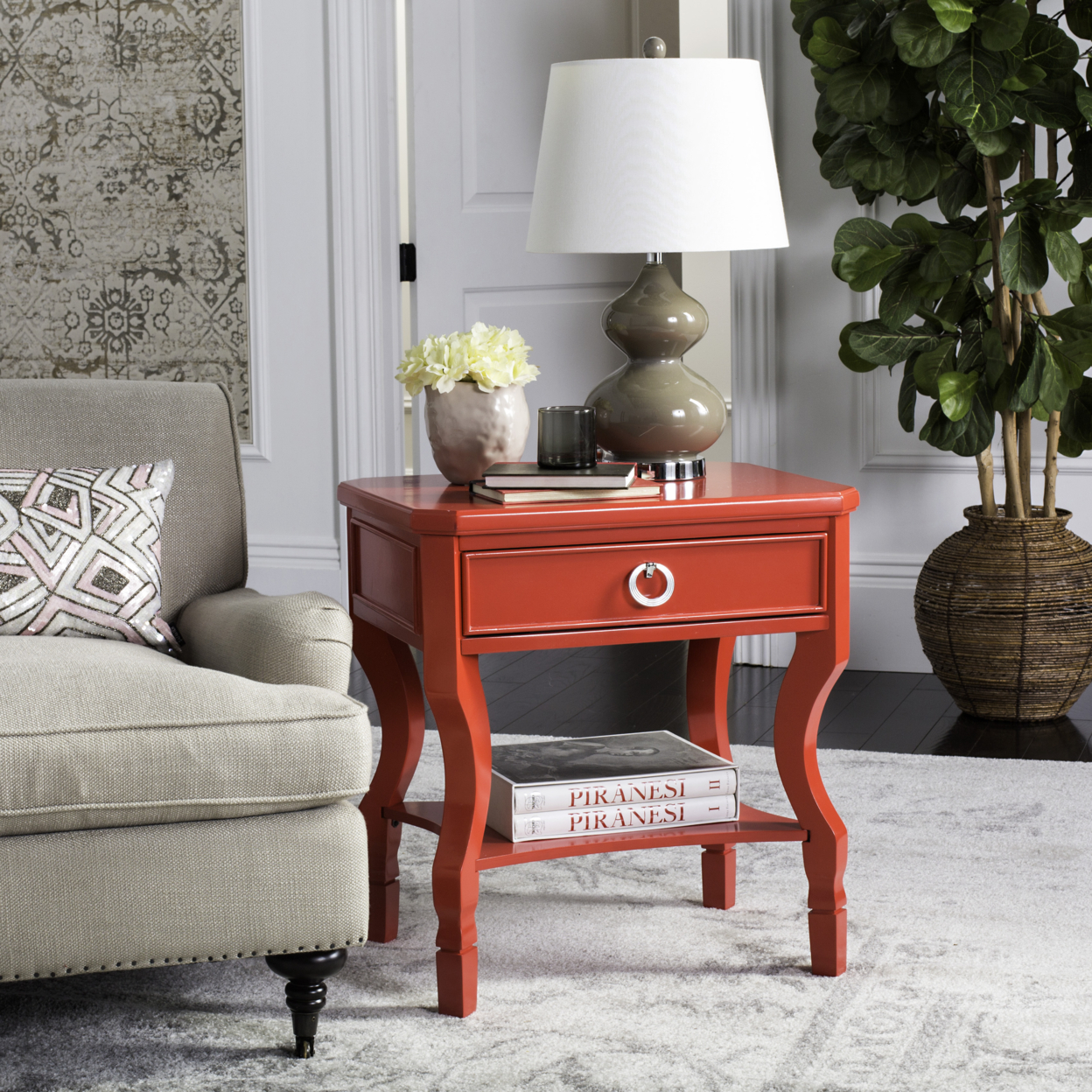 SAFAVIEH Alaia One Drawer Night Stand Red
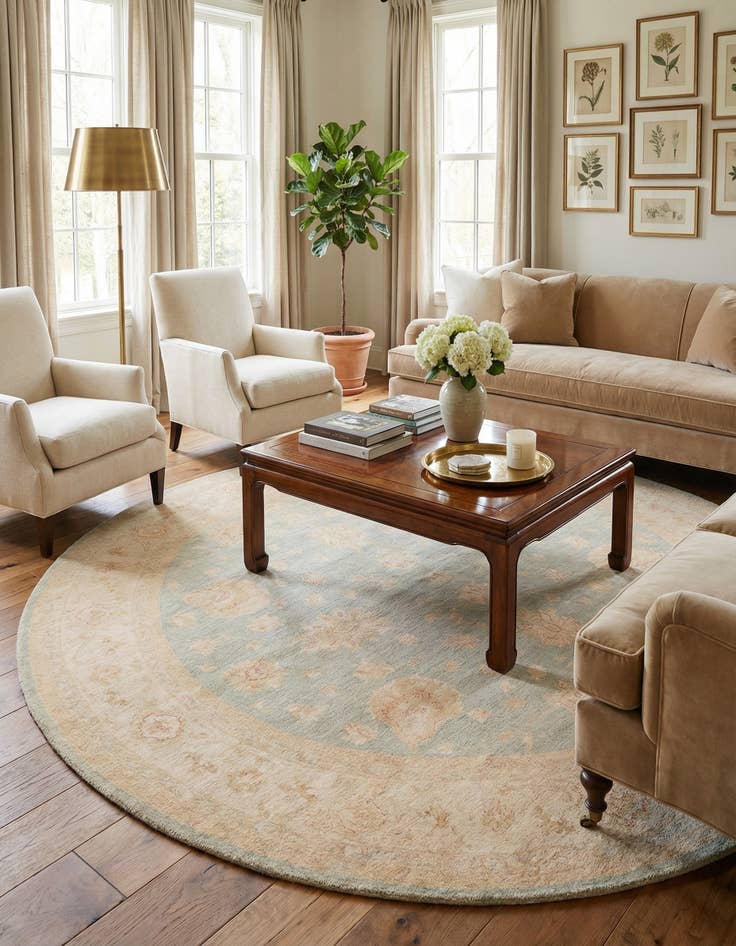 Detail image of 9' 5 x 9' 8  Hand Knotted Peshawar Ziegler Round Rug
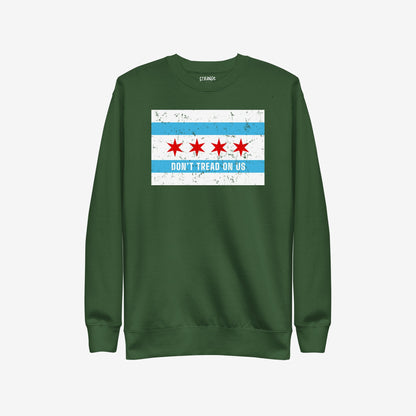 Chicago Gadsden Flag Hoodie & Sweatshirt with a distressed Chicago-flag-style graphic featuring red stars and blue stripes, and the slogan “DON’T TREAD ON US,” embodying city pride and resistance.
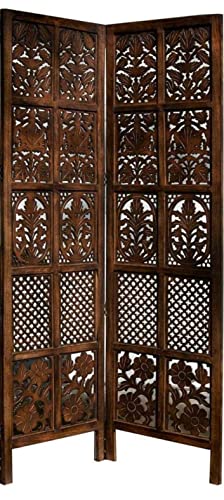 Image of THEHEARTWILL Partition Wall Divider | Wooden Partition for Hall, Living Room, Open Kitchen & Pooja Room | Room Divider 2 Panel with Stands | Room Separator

*Work to complete:* Pictures are to be left out; otherwise, retype exactly the lines from the first line of the data through the line containing "Chicago Gadsden Flag".

*Answer space:*
 SAFAVIEH Alaia One Drawer Night Stand Red
 Detail image of 9' 5 x 9' 8  Hand Knotted Peshawar Ziegler Round Rug
 Chicago Gadsden Flag Hoodie & Sweatshirt with a distressed Chicago-flag-style graphic featuring red stars and blue stripes, and the slogan “DON’T TREAD ON US,” embodying city pride and resistance.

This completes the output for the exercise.